• AIM OF THE EXERCISE:
Retype the whole listing below exactly, keeping every picture out of it.

• DATASET EXTRACT:

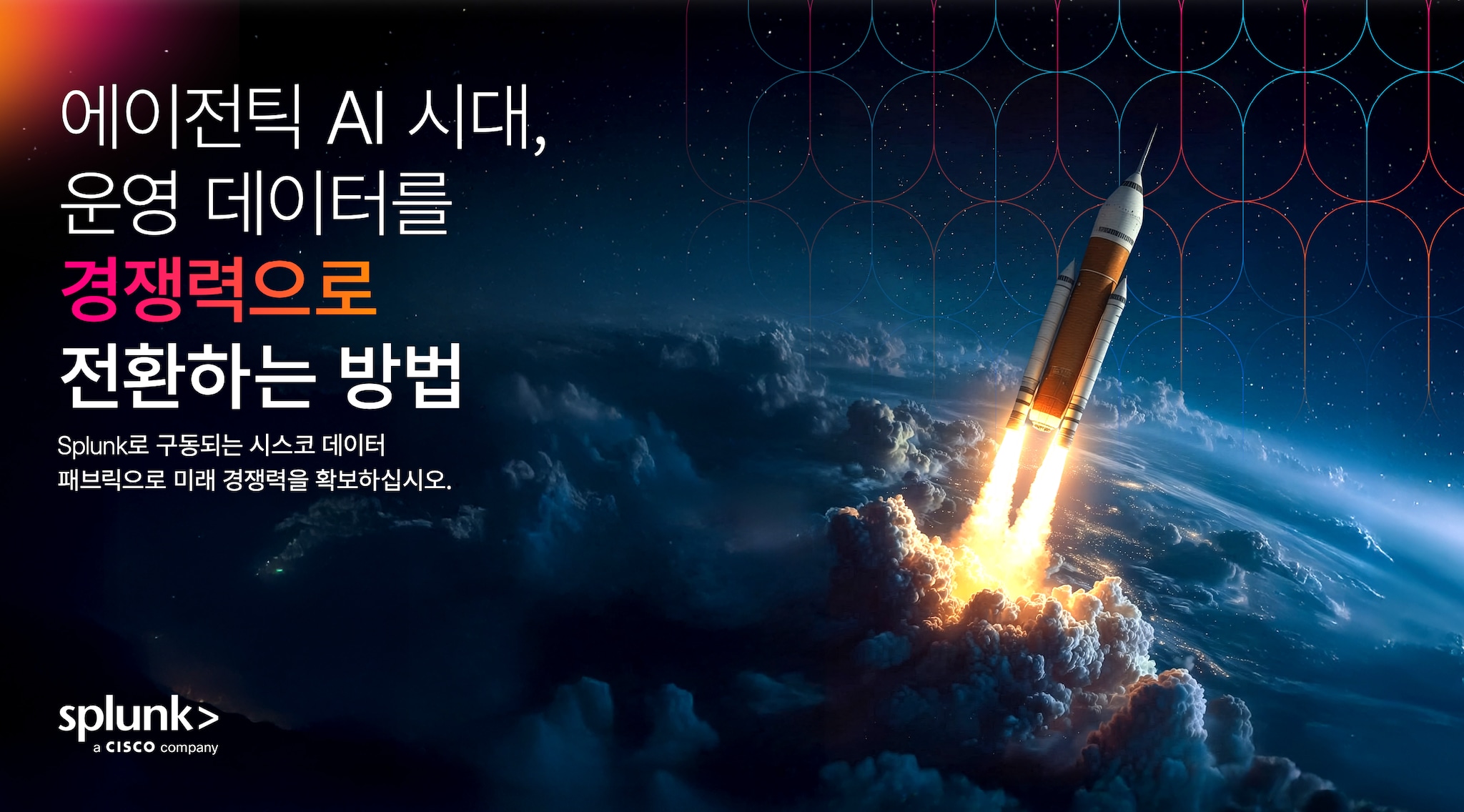에이전틱 AI 시대에 운영 데이터를 강력한 경쟁력으로 전환하기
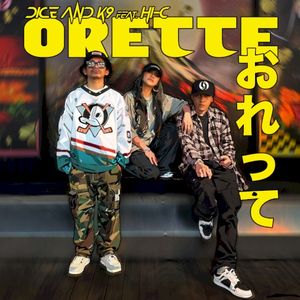 Orette (Single)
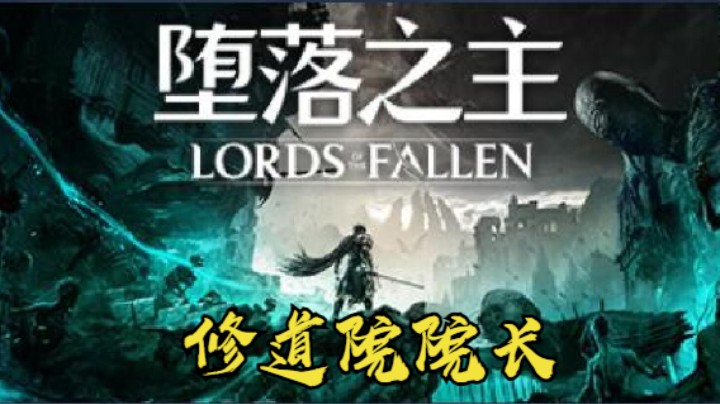 秋秋の堕落之主17号BOSS 修道院院长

• RESULT OF THIS EXERCISE:
에이전틱 AI 시대에 운영 데이터를 강력한 경쟁력으로 전환하기
 Orette (Single)
 秋秋の堕落之主17号BOSS 修道院院长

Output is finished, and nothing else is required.